What you should do:
Here is the task for the records below: repeat exactly the lines from the one with "Armytrix exhaust system" to the one with "Call Me SSA choral sheet music cover", both included, and nothing else.

Segment Start: Records supplied

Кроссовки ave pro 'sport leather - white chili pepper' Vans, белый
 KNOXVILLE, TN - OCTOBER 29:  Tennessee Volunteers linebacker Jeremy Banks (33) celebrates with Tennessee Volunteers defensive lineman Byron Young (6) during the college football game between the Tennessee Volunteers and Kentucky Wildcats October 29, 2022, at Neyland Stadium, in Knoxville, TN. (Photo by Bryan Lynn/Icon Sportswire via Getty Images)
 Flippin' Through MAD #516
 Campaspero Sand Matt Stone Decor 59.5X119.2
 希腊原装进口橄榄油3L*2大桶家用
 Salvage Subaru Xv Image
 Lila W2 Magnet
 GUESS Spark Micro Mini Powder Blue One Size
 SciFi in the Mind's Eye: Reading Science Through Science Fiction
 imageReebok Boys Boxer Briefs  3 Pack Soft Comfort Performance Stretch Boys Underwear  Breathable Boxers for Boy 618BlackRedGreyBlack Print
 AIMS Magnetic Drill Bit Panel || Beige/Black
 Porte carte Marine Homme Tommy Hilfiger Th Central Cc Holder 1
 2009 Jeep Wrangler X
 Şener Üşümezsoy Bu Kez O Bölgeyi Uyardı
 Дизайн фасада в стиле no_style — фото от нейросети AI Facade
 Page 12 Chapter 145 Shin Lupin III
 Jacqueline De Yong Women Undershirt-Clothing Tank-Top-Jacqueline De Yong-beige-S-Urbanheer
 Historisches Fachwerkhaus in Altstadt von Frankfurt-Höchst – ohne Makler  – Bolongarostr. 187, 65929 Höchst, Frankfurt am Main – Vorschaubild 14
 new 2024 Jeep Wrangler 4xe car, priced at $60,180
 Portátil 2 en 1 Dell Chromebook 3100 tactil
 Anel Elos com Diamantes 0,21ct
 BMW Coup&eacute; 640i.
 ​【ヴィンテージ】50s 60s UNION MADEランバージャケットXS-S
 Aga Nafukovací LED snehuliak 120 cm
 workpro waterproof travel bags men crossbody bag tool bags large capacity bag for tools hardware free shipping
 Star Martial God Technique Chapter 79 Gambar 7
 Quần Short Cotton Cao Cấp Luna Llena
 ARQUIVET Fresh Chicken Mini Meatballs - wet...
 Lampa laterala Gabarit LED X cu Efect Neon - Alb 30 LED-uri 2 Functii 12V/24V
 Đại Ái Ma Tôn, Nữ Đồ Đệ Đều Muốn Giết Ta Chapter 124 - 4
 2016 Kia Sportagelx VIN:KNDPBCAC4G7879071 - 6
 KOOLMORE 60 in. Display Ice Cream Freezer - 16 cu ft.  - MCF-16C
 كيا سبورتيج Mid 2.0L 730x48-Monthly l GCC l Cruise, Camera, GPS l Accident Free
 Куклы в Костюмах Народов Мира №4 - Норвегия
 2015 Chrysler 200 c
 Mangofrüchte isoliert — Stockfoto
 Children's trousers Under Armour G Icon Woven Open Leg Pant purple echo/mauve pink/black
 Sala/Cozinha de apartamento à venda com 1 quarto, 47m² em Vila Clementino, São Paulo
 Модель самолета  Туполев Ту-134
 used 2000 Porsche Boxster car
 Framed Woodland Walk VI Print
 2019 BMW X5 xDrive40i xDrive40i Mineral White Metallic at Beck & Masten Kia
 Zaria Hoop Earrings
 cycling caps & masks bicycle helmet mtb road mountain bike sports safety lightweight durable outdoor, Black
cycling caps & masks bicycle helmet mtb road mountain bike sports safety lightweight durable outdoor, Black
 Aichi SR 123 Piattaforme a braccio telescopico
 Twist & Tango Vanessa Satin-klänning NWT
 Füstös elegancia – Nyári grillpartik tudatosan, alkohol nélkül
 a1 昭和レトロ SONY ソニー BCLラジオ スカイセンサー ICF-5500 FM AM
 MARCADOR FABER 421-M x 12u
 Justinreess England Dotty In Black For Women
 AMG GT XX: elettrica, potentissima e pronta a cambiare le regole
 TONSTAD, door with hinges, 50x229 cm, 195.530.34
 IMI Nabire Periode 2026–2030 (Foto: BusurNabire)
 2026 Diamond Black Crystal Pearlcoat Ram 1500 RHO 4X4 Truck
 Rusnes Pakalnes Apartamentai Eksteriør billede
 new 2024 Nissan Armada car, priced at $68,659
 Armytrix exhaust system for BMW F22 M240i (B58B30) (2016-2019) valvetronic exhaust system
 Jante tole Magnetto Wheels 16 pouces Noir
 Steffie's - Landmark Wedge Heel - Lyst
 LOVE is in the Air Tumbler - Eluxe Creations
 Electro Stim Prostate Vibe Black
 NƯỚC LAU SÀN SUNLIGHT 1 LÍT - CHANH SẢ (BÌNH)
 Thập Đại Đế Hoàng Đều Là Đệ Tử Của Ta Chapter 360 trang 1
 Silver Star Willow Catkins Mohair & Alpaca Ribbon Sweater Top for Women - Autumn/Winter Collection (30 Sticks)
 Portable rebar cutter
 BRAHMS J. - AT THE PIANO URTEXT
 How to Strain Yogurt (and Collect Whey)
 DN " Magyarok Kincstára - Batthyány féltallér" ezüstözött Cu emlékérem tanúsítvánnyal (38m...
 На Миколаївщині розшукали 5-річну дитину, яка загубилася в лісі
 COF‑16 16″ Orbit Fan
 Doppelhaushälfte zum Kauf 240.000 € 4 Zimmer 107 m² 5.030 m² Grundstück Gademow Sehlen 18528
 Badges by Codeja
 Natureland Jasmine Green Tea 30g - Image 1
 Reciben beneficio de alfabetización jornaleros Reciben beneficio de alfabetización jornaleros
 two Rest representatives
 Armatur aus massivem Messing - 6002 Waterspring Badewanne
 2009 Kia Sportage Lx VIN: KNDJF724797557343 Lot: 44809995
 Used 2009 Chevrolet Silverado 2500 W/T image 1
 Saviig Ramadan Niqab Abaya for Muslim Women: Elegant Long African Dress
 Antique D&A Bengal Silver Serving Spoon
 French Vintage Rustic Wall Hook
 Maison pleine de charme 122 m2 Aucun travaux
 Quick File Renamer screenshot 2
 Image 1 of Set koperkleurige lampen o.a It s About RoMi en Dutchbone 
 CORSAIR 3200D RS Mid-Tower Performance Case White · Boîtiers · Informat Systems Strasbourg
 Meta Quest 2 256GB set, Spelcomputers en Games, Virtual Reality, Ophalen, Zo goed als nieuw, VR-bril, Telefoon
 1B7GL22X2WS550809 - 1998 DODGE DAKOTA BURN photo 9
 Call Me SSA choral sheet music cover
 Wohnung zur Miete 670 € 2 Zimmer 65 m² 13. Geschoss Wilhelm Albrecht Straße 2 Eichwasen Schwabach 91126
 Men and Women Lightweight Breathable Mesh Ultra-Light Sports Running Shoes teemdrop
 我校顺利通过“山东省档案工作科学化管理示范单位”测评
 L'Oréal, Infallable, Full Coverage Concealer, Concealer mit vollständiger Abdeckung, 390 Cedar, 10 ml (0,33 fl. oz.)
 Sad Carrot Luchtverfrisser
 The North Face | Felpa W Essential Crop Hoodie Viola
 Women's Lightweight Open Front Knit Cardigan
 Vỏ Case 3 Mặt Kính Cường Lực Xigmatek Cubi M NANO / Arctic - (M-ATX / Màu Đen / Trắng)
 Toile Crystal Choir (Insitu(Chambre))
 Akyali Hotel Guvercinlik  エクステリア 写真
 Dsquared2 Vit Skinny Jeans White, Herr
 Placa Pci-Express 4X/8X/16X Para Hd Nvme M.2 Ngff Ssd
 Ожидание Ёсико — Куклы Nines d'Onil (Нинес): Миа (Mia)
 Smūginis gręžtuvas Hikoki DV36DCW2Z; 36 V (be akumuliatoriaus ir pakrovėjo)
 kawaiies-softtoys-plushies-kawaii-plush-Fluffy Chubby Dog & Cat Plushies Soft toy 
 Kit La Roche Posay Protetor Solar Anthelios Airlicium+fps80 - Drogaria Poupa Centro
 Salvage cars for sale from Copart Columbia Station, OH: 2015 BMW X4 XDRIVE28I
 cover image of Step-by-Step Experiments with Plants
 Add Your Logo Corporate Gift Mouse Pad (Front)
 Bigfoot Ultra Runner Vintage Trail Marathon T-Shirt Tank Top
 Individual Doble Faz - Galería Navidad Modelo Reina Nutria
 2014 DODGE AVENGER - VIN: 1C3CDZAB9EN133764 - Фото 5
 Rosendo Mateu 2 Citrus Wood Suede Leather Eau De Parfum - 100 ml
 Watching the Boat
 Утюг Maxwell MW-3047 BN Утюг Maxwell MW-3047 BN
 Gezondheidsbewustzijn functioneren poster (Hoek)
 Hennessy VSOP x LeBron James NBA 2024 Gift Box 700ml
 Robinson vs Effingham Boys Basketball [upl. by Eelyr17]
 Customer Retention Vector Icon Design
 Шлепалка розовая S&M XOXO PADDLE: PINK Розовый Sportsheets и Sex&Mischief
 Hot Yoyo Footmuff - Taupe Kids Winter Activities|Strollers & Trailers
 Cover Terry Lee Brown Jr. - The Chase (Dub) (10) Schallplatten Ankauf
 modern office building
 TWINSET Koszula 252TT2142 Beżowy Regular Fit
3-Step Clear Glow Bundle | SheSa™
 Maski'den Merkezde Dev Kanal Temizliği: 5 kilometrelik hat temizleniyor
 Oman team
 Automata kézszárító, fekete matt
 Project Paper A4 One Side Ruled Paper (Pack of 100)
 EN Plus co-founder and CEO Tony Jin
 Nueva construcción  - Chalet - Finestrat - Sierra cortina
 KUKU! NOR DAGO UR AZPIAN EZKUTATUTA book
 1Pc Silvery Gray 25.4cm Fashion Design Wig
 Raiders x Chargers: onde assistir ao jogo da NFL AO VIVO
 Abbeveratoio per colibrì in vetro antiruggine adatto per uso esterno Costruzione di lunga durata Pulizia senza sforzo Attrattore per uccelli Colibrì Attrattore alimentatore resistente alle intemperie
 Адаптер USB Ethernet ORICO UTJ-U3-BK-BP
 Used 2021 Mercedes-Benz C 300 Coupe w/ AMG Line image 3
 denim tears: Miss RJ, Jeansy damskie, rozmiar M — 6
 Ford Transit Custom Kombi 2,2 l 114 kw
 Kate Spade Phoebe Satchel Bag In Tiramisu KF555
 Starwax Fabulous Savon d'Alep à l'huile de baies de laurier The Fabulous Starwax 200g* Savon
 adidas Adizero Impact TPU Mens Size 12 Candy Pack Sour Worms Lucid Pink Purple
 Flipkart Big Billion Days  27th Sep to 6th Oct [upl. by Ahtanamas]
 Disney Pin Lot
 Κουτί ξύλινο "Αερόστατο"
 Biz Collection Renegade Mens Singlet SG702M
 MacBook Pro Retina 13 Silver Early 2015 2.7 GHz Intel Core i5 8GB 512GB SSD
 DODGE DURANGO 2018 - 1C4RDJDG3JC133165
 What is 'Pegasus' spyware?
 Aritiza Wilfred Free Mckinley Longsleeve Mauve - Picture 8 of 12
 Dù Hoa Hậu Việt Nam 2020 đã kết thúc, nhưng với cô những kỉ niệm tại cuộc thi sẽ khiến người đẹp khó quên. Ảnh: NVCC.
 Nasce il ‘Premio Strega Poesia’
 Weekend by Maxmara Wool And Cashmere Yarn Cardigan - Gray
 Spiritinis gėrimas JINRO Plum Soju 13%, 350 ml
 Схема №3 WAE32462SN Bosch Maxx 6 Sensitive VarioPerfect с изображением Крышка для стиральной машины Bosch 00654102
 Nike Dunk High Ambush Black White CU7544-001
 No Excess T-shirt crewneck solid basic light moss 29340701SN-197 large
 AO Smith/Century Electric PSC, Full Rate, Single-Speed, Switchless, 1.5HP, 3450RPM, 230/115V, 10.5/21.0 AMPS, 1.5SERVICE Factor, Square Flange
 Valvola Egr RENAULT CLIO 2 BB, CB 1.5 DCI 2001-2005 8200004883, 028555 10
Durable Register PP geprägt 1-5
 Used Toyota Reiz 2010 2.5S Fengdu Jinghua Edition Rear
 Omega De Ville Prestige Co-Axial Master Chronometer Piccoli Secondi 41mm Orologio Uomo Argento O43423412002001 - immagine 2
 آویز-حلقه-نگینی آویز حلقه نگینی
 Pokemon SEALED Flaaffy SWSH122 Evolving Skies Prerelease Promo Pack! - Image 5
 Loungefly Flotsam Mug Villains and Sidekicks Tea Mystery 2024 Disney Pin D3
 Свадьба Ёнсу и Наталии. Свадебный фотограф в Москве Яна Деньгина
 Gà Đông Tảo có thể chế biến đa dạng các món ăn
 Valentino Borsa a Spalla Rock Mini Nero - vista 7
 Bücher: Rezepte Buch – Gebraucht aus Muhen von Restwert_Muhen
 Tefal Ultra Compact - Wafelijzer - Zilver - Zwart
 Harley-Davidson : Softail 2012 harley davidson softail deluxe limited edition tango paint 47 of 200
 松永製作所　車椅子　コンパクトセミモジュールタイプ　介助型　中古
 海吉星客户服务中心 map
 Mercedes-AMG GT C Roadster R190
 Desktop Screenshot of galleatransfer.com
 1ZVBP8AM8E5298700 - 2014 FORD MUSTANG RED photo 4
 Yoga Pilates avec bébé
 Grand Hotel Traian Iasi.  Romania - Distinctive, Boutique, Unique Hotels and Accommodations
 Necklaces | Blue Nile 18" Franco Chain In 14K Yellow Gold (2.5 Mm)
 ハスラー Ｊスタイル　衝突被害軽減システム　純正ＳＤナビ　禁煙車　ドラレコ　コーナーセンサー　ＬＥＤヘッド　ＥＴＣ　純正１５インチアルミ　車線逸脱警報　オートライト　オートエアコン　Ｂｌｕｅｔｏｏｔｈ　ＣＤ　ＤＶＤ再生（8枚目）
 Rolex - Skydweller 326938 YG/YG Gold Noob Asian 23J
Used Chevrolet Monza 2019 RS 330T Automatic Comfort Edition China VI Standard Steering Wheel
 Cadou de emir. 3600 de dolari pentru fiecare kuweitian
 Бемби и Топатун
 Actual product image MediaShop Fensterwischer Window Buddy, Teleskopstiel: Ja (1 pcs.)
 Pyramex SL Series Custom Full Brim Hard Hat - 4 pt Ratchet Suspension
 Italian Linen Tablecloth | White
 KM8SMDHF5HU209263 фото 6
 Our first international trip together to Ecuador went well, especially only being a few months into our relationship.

Segment End: Records supplied

Exercise answer:
 Armytrix exhaust system for BMW F22 M240i (B58B30) (2016-2019) valvetronic exhaust system
 Jante tole Magnetto Wheels 16 pouces Noir
 Steffie's - Landmark Wedge Heel - Lyst
 LOVE is in the Air Tumbler - Eluxe Creations
 Electro Stim Prostate Vibe Black
 NƯỚC LAU SÀN SUNLIGHT 1 LÍT - CHANH SẢ (BÌNH)
 Thập Đại Đế Hoàng Đều Là Đệ Tử Của Ta Chapter 360 trang 1
 Silver Star Willow Catkins Mohair & Alpaca Ribbon Sweater Top for Women - Autumn/Winter Collection (30 Sticks)
 Portable rebar cutter
 BRAHMS J. - AT THE PIANO URTEXT
 How to Strain Yogurt (and Collect Whey)
 DN " Magyarok Kincstára - Batthyány féltallér" ezüstözött Cu emlékérem tanúsítvánnyal (38m...
 На Миколаївщині розшукали 5-річну дитину, яка загубилася в лісі
 COF‑16 16″ Orbit Fan
 Doppelhaushälfte zum Kauf 240.000 € 4 Zimmer 107 m² 5.030 m² Grundstück Gademow Sehlen 18528
 Badges by Codeja
 Natureland Jasmine Green Tea 30g - Image 1
 Reciben beneficio de alfabetización jornaleros Reciben beneficio de alfabetización jornaleros
 two Rest representatives
 Armatur aus massivem Messing - 6002 Waterspring Badewanne
 2009 Kia Sportage Lx VIN: KNDJF724797557343 Lot: 44809995
 Used 2009 Chevrolet Silverado 2500 W/T image 1
 Saviig Ramadan Niqab Abaya for Muslim Women: Elegant Long African Dress
 Antique D&A Bengal Silver Serving Spoon
 French Vintage Rustic Wall Hook
 Maison pleine de charme 122 m2 Aucun travaux
 Quick File Renamer screenshot 2
 Image 1 of Set koperkleurige lampen o.a It s About RoMi en Dutchbone 
 CORSAIR 3200D RS Mid-Tower Performance Case White · Boîtiers · Informat Systems Strasbourg
 Meta Quest 2 256GB set, Spelcomputers en Games, Virtual Reality, Ophalen, Zo goed als nieuw, VR-bril, Telefoon
 1B7GL22X2WS550809 - 1998 DODGE DAKOTA BURN photo 9
 Call Me SSA choral sheet music cover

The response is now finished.